Is there still a role for anti-TIGIT therapy in hepatocellular carcinoma?

ESMO25_Audience_9

Audience during the ESMO Congress 2025 (17-21 October, Berlin, Germany) 

While the IMbrave152/SKYSCRAPER-14 trial showed no added benefit with tiragolumab, other studies are ongoing to explore the potential of additional immune checkpoint inhibition in combination with standard therapy

Negative findings from the phase III IMbrave152/SKYSCRAPER-14, investigating the addition of the anti-TIGIT monoclonal antibody tiragolumab to first-line standard therapy in untreated locally advanced or metastatic hepatocellular carcinoma (HCC), leave unanswered whether an additional immune checkpoint inhibition approach can improve patient survival (LBA50 ).

“I can expect in the next one or two years of time, we will have a definitive answer,” stated Prof. Stephen Chan of the Chinese University of Hong Kong, discussing the study data presented at the ESMO Congress 2025. Atezolizumab plus bevacizumab is an established first-line standard of care for patients with unresectable HCC (Ann Oncol. 2025 May;36(5):491-506 ), however not all patients experience durable clinical benefit due to the heterogeneous nature of this tumour type. Earlier this year, results were published suggesting that the addition of tiragolumab to atezolizumab and bevacizumab might be more clinically active than atezolizumab plus bevacizumab alone in unresectable hepatocellular carcinoma (Lancet Oncol. 2025 Feb;26(2):214-226). “Results from the phase Ib/II MORPHEUS-Liver study reported not only an improvement in the progression-free survival (PFS), but also in overall survival (OS). So, why we could not reproduce these in a phase III study?,” questioned Chan.

In the IMbrave152/SKYSCRAPER-14, 669 patients with unresectable locally advanced or metastatic HCC were randomised to receive tiragolumab plus atezolizumab and bevacizumab (n=331) or a placebo added to standard therapy (n=338). At a median follow-up of 12.5 months, no added benefit was observed in the group receiving additional anti-TIGIT treatment compared to the control group, with a median investigator-addessed (INV)-PFS of 8.3 months versus 8.2 months, respectively [hazard ratio (HR) 0.97, 95% CI 0.80–1.17]. OS data were immature and not expected to reach statistical significance.

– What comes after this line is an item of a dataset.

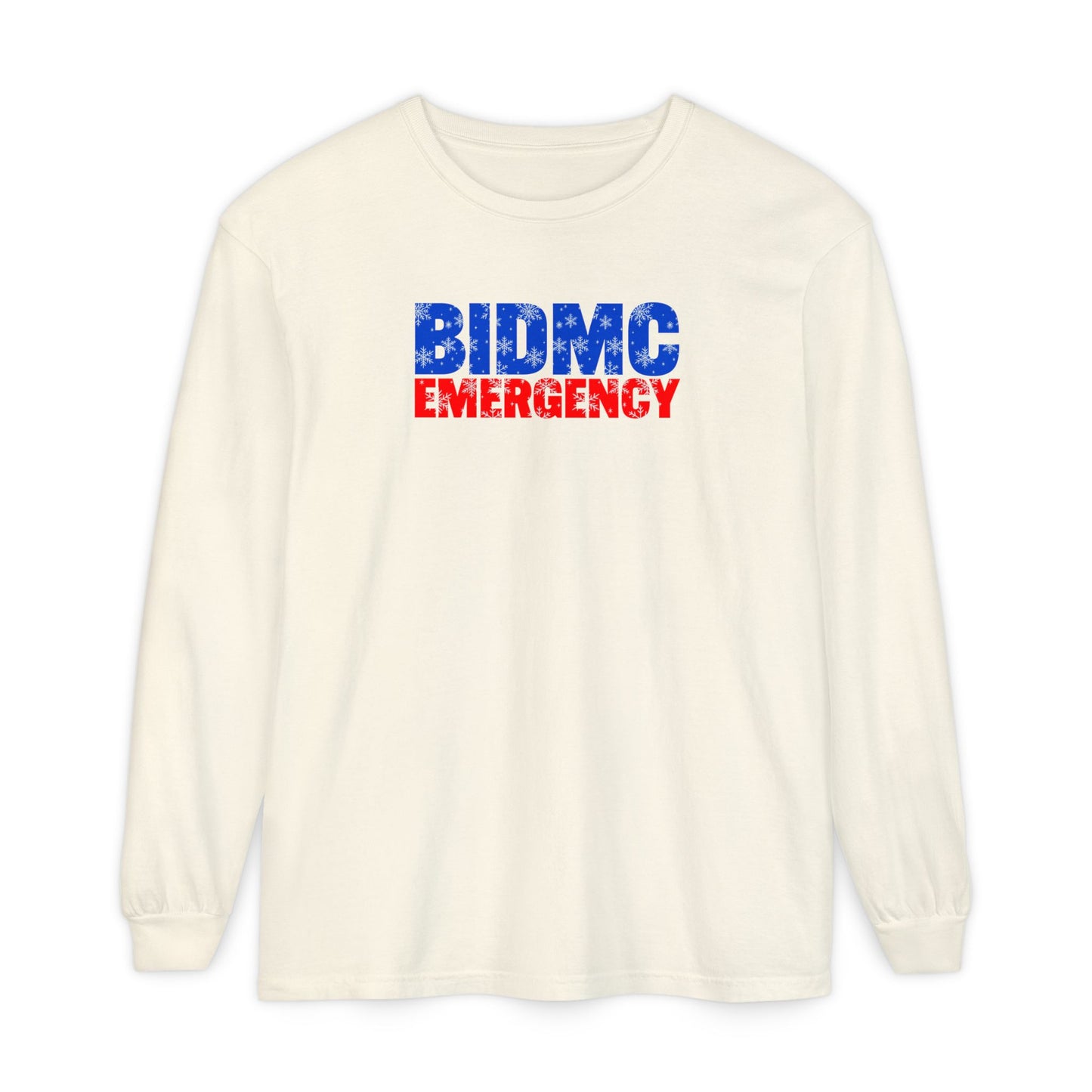 BIDMC Emergency Winter Long Sleeve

Overall, safety results were similar in both treatment arms and generally consistent with previously reported data for the combination of tiragolumab, atezolizumab and bevacizumab.

Analysing the possible reasons behind these negative results, Chen noted that a poor reproducibility of promising phase II data of tiragolumab into phase III has been common to other malignancies such as lung and esophageal cancers. Patients selection may have also played a role, he suggested. In the MORPHEUS-Liver study, the confirmed objective response rate (ORR) was 43% in the tiragolumab plus atezolizumab plus bevacizumab group and 11% in the atezolizumab plus bevacizumab group. But Chen highlighted that “if you look at adverse prognostic features in the control arm, you see that more patients with higher alpha-fetal protein, or fewer patients with hepatitis B were recruited. So, I argue this was an underperforming control arm and that if they recruited more patients, perhaps the performance of the control arm would have been slightly better.”

According to Chen, the disappointing results from the IMbrave152/SKYSCRAPER-14 trial should not discourage further investigation of additional immune checkpoint inhibition on top of the current standard backbone regimen, addressing emerging targets such as LAG-3, TIGIT, and TIM-3. “We still have two opportunities. One is the ongoing phase III ARTEMIDE-HCC01 study evaluating rilvegostomig, a bispecific monoclonal antibody targeting PD-1 and TIGIT receptors, plus bevacizumab with or without tremelimumab (NCT06921785 ). Another study is the phase II AMBER study, investigating TSR-022, an anti-TIM-3 monoclonal antibody, which is going to have complete accrual (NCT02817633),” he concluded. “If these approaches do not prove effective, we still have many opportunities like the cellular therapy or bispecific T-cell engager, which are already being tested in HCC.”